[Records contained in a dataset]
►

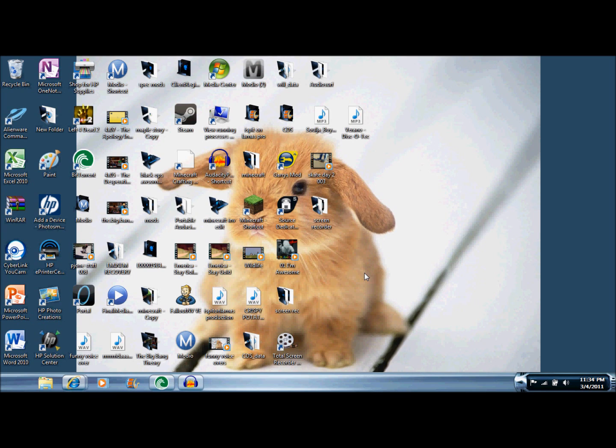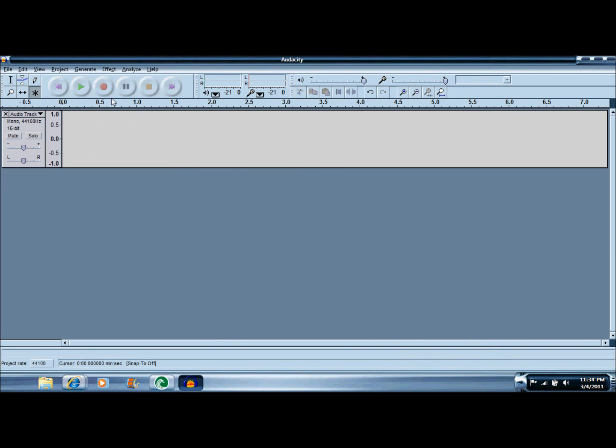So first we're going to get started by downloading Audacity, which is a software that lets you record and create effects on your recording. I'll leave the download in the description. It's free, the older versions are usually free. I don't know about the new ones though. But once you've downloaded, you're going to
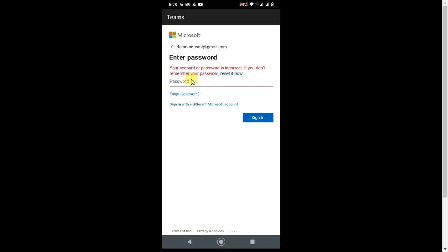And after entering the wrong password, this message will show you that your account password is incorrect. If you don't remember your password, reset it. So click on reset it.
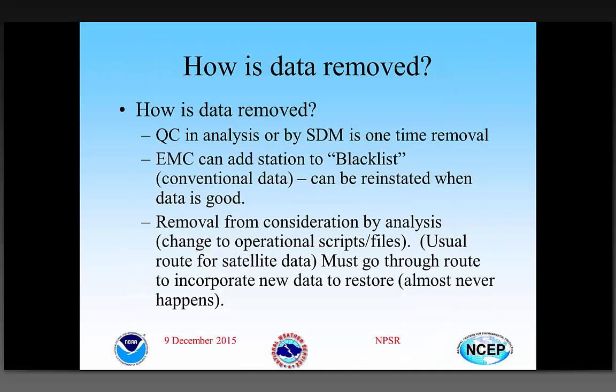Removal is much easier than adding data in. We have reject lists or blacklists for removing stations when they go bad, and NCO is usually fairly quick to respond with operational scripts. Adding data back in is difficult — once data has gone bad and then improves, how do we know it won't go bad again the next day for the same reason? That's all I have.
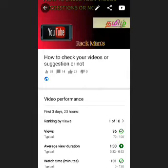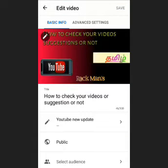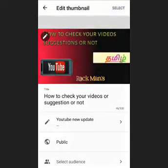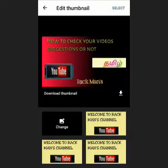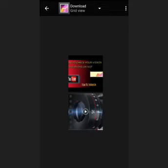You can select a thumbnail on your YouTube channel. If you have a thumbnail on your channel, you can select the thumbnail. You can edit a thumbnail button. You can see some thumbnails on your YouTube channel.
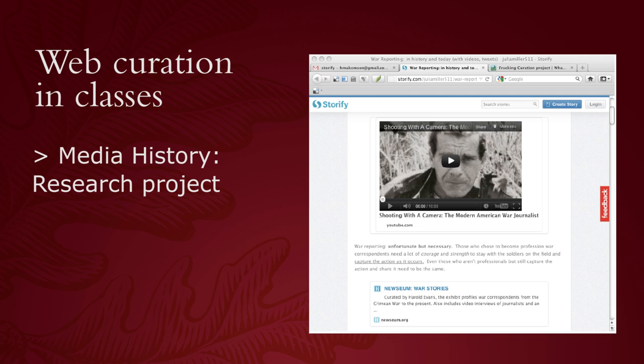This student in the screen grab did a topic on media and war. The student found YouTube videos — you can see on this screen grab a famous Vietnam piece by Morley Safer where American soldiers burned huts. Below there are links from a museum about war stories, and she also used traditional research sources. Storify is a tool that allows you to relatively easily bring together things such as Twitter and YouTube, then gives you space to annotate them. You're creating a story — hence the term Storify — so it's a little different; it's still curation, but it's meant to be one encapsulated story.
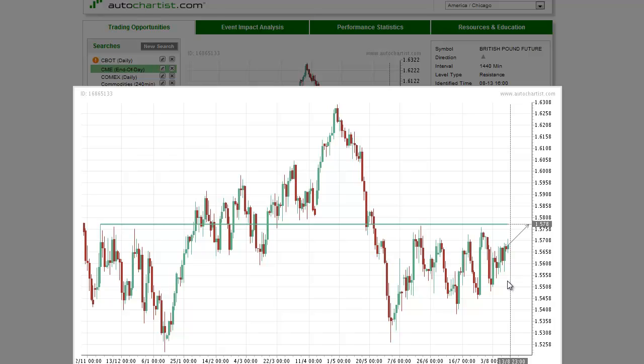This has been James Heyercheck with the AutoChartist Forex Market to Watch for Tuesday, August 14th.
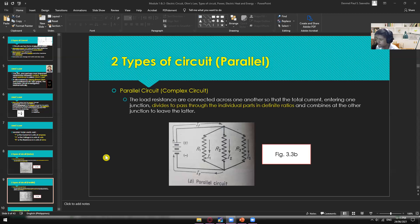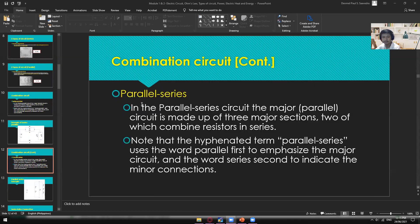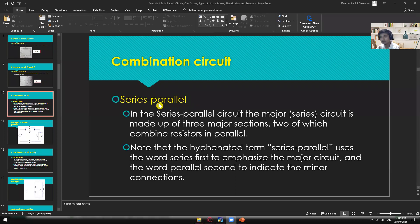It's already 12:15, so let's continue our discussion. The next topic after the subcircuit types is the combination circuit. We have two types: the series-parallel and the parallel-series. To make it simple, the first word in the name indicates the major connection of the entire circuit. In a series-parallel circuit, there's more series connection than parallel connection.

◄

### WHAT IS EXPECTED
Print all the lines above again exactly, without any pictures.

### OUTPUT BELOW
So first we're going to get started by downloading Audacity, which is a software that lets you record and create effects on your recording. I'll leave the download in the description. It's free, the older versions are usually free. I don't know about the new ones though. But once you've downloaded, you're going to
And after entering the wrong password, this message will show you that your account password is incorrect. If you don't remember your password, reset it. So click on reset it.
Removal is much easier than adding data in. We have reject lists or blacklists for removing stations when they go bad, and NCO is usually fairly quick to respond with operational scripts. Adding data back in is difficult — once data has gone bad and then improves, how do we know it won't go bad again the next day for the same reason? That's all I have.
You can select a thumbnail on your YouTube channel. If you have a thumbnail on your channel, you can select the thumbnail. You can edit a thumbnail button. You can see some thumbnails on your YouTube channel.
This student in the screen grab did a topic on media and war. The student found YouTube videos — you can see on this screen grab a famous Vietnam piece by Morley Safer where American soldiers burned huts. Below there are links from a museum about war stories, and she also used traditional research sources. Storify is a tool that allows you to relatively easily bring together things such as Twitter and YouTube, then gives you space to annotate them. You're creating a story — hence the term Storify — so it's a little different; it's still curation, but it's meant to be one encapsulated story.
This has been James Heyercheck with the AutoChartist Forex Market to Watch for Tuesday, August 14th.
It's already 12:15, so let's continue our discussion. The next topic after the subcircuit types is the combination circuit. We have two types: the series-parallel and the parallel-series. To make it simple, the first word in the name indicates the major connection of the entire circuit. In a series-parallel circuit, there's more series connection than parallel connection.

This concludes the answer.